* [Exercise requirements]
Copy out exactly the lines spanning the line with "h race 6 Tommy Silver.jpg" to the line with "A beautiful view of park in Sintra, Portugal", inclusive, from the data underneath, with no pictures.

* [Source data]
====

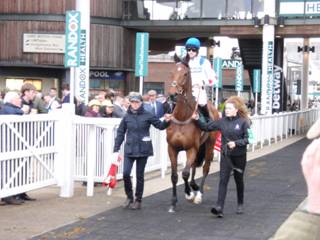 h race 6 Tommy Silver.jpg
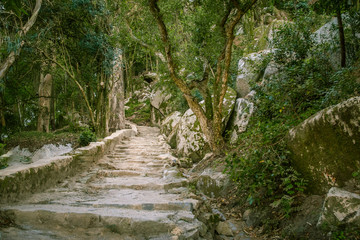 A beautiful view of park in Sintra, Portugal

====

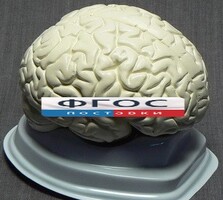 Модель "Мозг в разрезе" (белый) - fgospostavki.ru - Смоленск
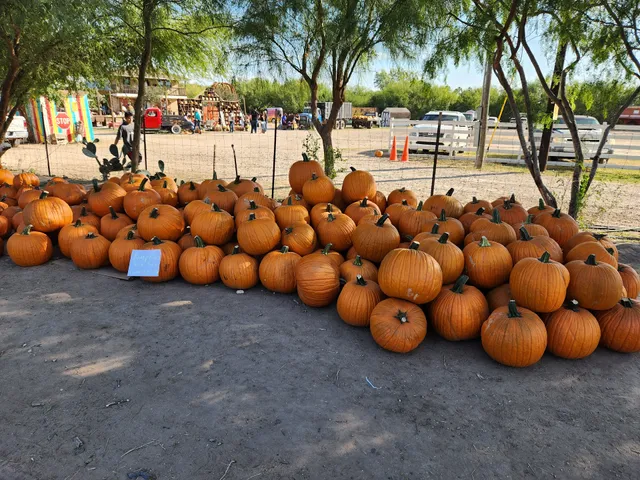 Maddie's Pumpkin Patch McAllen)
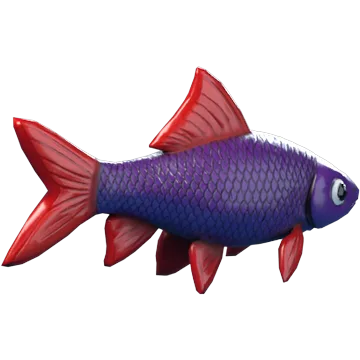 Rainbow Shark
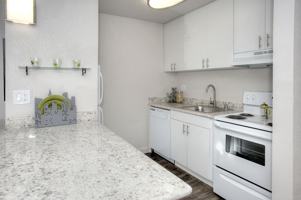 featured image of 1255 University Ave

====

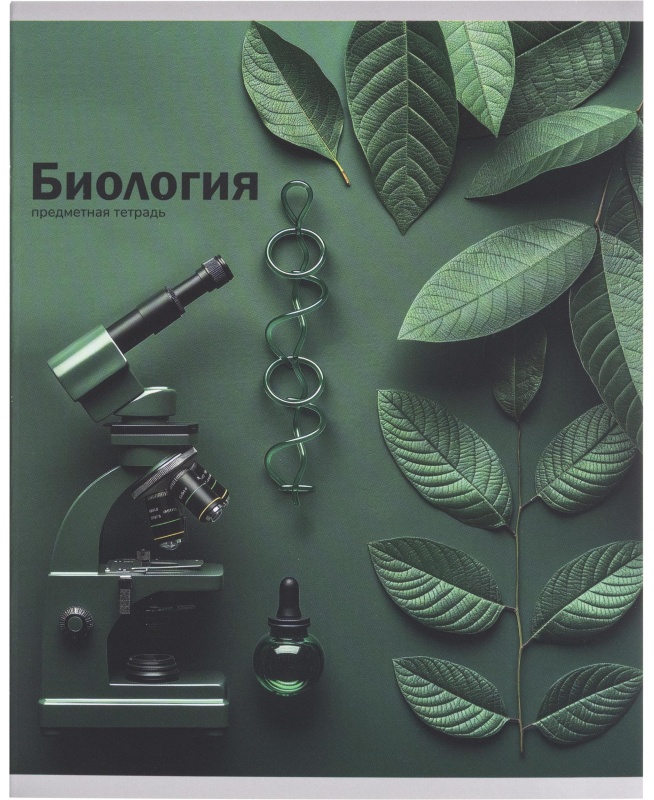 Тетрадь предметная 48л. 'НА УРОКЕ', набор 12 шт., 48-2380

====

* [The completed task]
 h race 6 Tommy Silver.jpg
 A beautiful view of park in Sintra, Portugal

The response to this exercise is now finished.